How the Cardinals handled the quarterback room this spring is the crux of the internal issue. With Kyler Murray no longer under contract and with a coaching staff led by a first-year head coach, the organization had a fresh quarterback picture to sort out. Rather than leaving the opening to a competition between Brissett and Minshew, team officials at one point communicated to Brissett that he would be the Week 1 starter. That course of action established a roster reality that Brissett says should be met with starter-level pay. It also created the flashpoint now playing out publicly as contract discussions and Brissett’s stance over voluntary participation continue.
On the field, Brissett put up the most productive passing numbers of his career while starting last season, but the team’s results in those games were poor: Arizona went 1-11 in his 12 starts and lost the final nine straight after he was designated the starter. Minshew, who has 47 career starts going into the season, represents a veteran presence behind Brissett on the depth chart and an alternative option should the Cardinals decide to move in another direction.
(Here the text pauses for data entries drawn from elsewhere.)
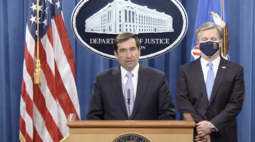 Demers in the DOJ press room announcing the charges against Chinese agents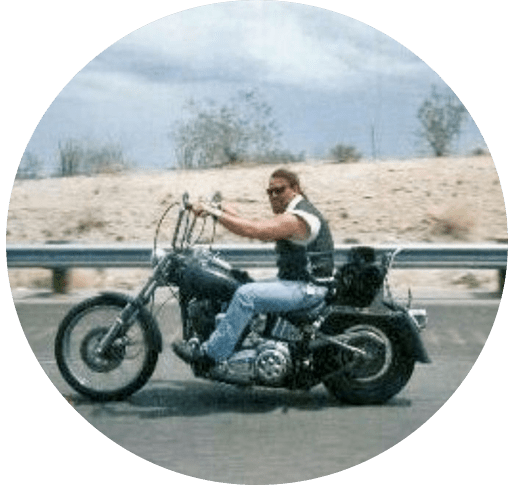 Photo of Matthew McClellan on a motorcycle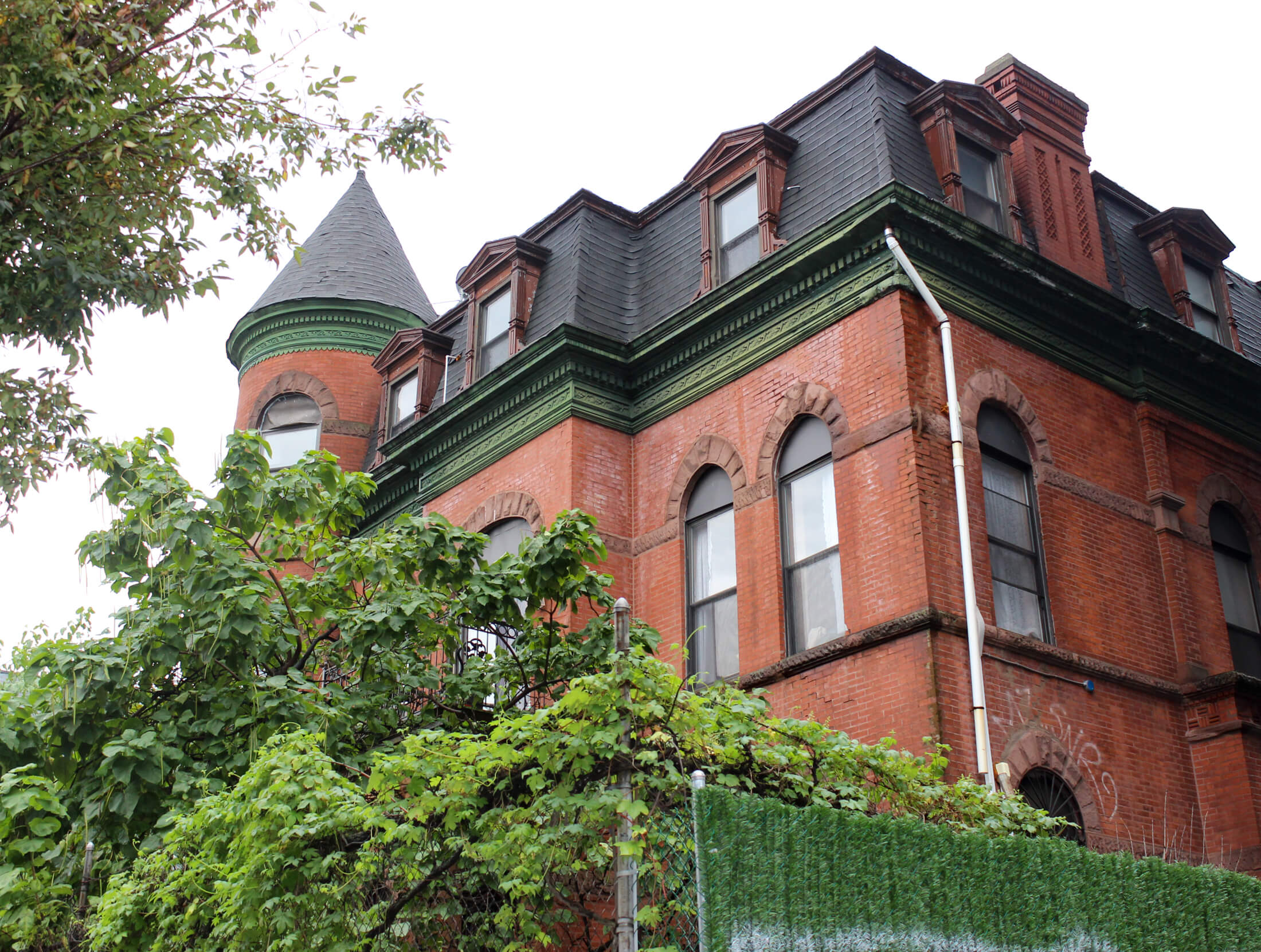 brick exterior of the mansion behind a chain link fence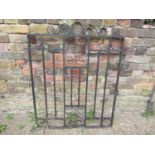 An iron pedestrian gate with scrolled detail, 86cm wide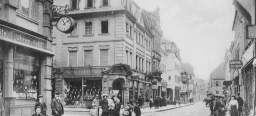 Die Marktstraße versetzt den Betrachter in das Jahr um 1890. Nicht nur die Mode der Leute, sondern auch die Bauart der Häuser mit den verspielten Fassaden lassen in ein ganz anderes Kaiserslautern blicken.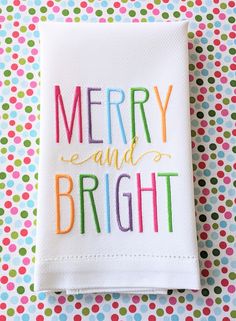 a white dish towel with the words merry and bright written in multicolored letters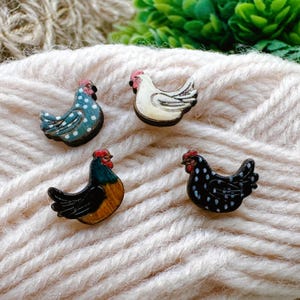 May include: Four wooden chicken-shaped embellishments. One is white with black accents, another is blue with white polka dots, and the other two are black with white polka dots and a rooster with a red comb. These are likely for crafting or scrapbooking.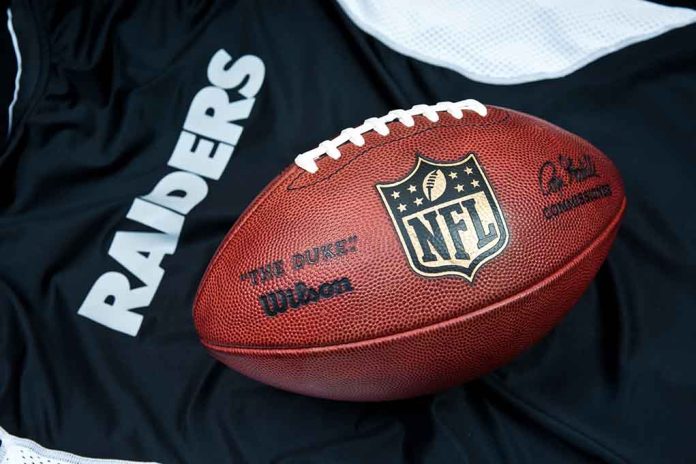 football on a Las Vegas Raiders jersey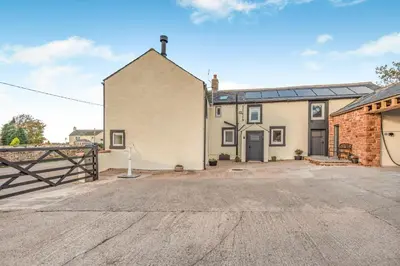 an image of a house with a driveway at 3 Bed in Wigton oc-f33746 in Westward
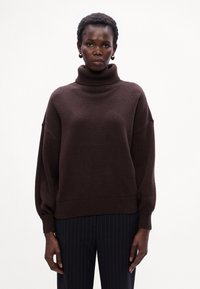 Pullover marrone oversize con collo alto, orlo e polsini a coste, realizzato in tessuto a maglia testurizzato, abbinato a pantaloni scuri a righe sottili.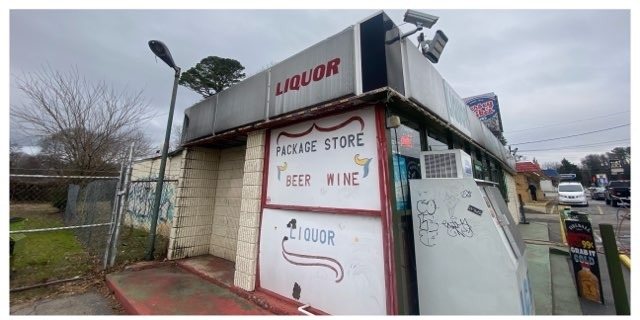 Storefront corner wall and sign with grime before commercial washing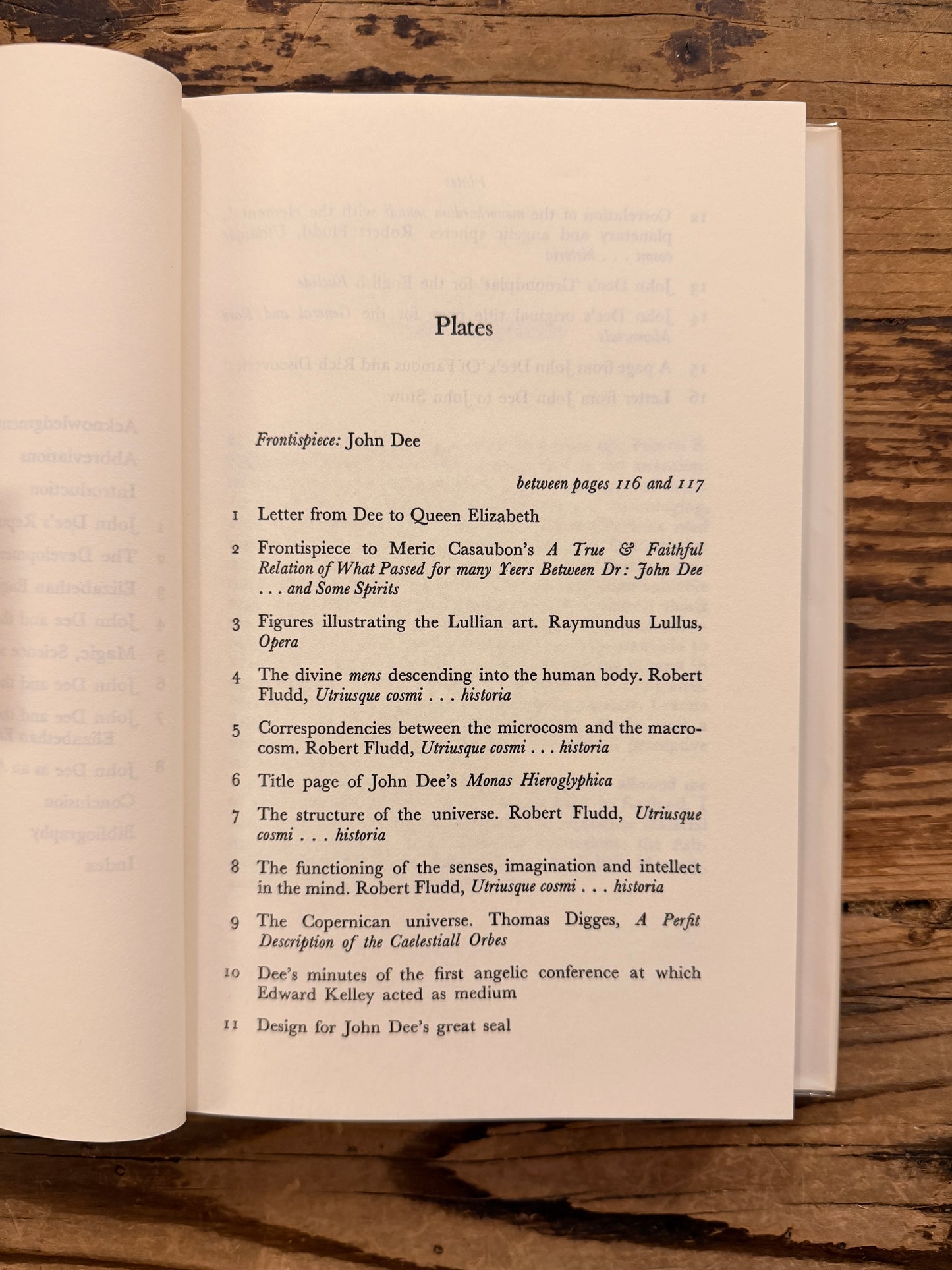 Open book titled 'John Dee: The World of an Elizabethan Magus' by Peter J. French on a wooden surface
The combination of Brissett’s individual statistical highs, the team’s losses while he was starting, and the relative dollar amounts of the players’ contracts has produced the current standoff.
That sequence of roster moves and communications has left the Cardinals organization balancing immediate quarterback depth with longer-term roster construction and payroll planning. Officials have a cleared depth chart at the position in the sense that Murray is no longer on the roster, but the presence of two veterans with different financial profiles — one under an existing two-year veteran deal and one signed to a higher one-year figure — has generated an unexpected contract negotiation. Brissett’s choice to sit out voluntary activities, intended to press for a revised deal, means the team will enter training preparations with a continuing question over the quarterback room and with the offseason storyline unresolved.
The outcome of the contract talks will determine whether Brissett returns to participate in voluntary work and whether the Cardinals finalize their quarterback pecking order before training camp. For now, the facts remain: Brissett is in the final year of a two-year contract he signed as a backup; he started 12 games last season after Murray’s injury and delivered career-high passing totals amid a 1-11 record as a starter; Murray’s release placed Brissett atop the depth chart; the club signed Gardner Minshew to a deal that pays more than Brissett’s upcoming base salary; and communications from the team that Brissett would be the starter created the expectation that has led Brissett to seek an adjustment to his compensation. The situation has left an open question about how Arizona will resolve its quarterback leadership and payroll before the regular season begins.